During the Trump years, both men — along with many other prominent conservatives — to varying degrees defended or excused Mr. Trump’s approach to Mr. Putin, whom U.S. intelligence concluded had ordered a campaign to interfere in the 2016 American election.
“We are the toughest administration ever on Russia,” Mr. Pompeo insisted during Senate testimony last July, citing sanctions that were imposed on Moscow, often with Mr. Trump’s grudging approval at best.
In recent weeks, many other Republicans, not all of whom defended Mr. Trump’s approach, have charged that Mr. Biden has been soft on Russia. Many have cited Mr. Biden’s decision last month to waive Congressional sanctions on the Russian company behind the Nord Stream 2 oil and gas pipeline and the company’s German chief executive.
Opponents of the pipeline say that it gives Mr. Putin needed new revenues and dangerous control over Europe’s energy supplies. Mr. Biden had opposed the pipeline, but in the end gave in to the arguments of supporters, including Chancellor Angela Merkel of Germany, who contend that the risks are overblown.
The pipeline, mostly built during the Trump era, was about 95 percent complete by the time Mr. Biden took office, and it was unclear whether he could have stopped it even if he tried. In explaining his decision, Mr. Biden said that imposing the sanctions would be “counterproductive in terms of our European relations.”
“We’re rewarding Putin with a summit? Instead of treating Putin like a gangster who fears his own people, we’re giving him his treasured Nord Stream 2 pipeline and legitimizing his actions with a summit,” Senator Ben Sasse, Republican of Nebraska, said in a May 25 statement. Mr. Sasse was a harsh critic of Mr. Trump.
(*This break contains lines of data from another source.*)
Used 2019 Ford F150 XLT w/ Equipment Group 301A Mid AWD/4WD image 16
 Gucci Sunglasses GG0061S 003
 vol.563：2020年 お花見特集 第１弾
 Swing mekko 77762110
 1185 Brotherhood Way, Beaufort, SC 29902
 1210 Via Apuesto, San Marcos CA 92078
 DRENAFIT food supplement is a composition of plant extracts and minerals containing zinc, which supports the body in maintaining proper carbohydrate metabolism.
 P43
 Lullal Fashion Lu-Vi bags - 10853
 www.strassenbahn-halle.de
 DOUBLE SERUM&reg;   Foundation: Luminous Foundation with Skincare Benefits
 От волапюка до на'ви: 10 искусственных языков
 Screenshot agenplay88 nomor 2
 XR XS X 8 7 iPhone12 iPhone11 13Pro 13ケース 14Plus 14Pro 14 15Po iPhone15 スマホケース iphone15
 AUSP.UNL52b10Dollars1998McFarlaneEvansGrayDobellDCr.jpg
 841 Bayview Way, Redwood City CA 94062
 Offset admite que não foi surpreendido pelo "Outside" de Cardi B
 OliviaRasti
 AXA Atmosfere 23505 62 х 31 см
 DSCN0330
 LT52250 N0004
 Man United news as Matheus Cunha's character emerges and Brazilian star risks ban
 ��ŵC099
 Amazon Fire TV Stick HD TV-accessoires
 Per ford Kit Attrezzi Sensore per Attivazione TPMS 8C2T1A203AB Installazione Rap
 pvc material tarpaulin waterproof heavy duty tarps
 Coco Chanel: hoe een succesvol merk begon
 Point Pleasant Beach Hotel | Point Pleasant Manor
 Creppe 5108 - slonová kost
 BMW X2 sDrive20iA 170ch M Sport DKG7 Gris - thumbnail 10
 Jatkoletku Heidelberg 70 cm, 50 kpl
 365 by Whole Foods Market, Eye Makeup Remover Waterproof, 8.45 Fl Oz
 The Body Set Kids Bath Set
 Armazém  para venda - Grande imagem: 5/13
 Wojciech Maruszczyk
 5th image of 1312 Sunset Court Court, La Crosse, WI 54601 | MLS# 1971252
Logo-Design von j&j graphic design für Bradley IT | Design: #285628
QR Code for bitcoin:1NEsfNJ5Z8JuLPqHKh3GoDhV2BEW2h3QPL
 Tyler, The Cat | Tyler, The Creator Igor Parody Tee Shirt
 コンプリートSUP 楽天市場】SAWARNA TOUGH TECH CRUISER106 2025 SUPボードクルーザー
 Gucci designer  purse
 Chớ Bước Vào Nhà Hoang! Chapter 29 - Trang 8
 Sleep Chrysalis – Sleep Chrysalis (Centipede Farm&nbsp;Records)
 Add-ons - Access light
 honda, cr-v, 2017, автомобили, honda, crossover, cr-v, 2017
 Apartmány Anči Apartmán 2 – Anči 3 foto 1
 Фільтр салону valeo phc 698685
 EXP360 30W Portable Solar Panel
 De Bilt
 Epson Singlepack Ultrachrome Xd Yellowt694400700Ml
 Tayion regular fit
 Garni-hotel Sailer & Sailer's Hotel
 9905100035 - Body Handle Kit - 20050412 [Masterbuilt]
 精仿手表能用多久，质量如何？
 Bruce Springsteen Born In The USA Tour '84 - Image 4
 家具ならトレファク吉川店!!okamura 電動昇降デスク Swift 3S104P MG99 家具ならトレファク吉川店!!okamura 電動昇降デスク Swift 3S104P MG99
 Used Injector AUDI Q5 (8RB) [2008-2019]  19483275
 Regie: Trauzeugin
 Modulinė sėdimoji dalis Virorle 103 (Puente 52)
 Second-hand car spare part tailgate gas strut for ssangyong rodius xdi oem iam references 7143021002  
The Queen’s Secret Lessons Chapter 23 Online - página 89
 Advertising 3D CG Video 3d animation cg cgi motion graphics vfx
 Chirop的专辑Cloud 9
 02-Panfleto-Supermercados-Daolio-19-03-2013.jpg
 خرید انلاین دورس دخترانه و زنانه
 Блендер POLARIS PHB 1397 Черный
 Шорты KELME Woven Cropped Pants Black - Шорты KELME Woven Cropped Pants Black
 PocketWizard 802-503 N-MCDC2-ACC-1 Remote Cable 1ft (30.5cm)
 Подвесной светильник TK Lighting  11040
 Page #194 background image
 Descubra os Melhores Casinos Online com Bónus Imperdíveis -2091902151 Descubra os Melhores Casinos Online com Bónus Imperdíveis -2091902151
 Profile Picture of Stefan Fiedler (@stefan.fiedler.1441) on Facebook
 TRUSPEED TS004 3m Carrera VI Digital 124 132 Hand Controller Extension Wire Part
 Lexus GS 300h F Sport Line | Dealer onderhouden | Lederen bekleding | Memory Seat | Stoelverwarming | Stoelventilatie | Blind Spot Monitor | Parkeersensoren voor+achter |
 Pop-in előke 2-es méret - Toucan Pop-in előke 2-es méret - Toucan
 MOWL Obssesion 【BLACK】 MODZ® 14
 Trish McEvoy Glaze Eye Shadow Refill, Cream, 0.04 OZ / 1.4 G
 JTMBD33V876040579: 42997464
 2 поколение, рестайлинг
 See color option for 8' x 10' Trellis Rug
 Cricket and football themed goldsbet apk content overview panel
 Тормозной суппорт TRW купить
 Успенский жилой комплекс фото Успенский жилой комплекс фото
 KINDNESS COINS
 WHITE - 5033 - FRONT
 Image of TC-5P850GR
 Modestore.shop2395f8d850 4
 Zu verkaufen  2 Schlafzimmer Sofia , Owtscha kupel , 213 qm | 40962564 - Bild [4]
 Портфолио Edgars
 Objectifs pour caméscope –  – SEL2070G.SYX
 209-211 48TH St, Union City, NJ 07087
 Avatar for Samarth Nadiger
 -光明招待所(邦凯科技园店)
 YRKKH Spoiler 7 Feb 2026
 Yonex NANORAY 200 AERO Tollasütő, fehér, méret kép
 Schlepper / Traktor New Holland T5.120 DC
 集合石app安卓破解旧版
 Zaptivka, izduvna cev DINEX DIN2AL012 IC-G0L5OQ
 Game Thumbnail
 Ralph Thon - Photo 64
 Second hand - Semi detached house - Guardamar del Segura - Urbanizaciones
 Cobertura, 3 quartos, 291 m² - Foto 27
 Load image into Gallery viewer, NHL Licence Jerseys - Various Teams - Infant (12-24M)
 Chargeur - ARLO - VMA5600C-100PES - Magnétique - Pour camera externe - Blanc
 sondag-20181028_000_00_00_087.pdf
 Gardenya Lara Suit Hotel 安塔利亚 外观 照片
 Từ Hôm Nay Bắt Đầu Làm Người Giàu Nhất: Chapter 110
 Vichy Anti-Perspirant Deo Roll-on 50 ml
But his critique reflected wide sentiment within the Republican Party and among allies of Mr. Trump.
“Biden is weak. Putin knows it,” Senator Tom Cotton, Republican of Arkansas, tweeted on June 2.
The White House rejects the notion that the meeting with Mr. Putin amounts to a concession, and privately officials say the problem with Mr. Trump’s meetings with the Russian leader was not that they took place but what they said was Mr. Trump’s obsequious approach.
In a briefing this month, the White House press secretary, Jen Psaki, said that Mr. Biden “is never one to hold back on areas where he has concern, areas where he feels the actions of the Russian government or Russian leadership are hurting the United States. And he certainly has no intention of holding back during this meeting, publicly or privately.”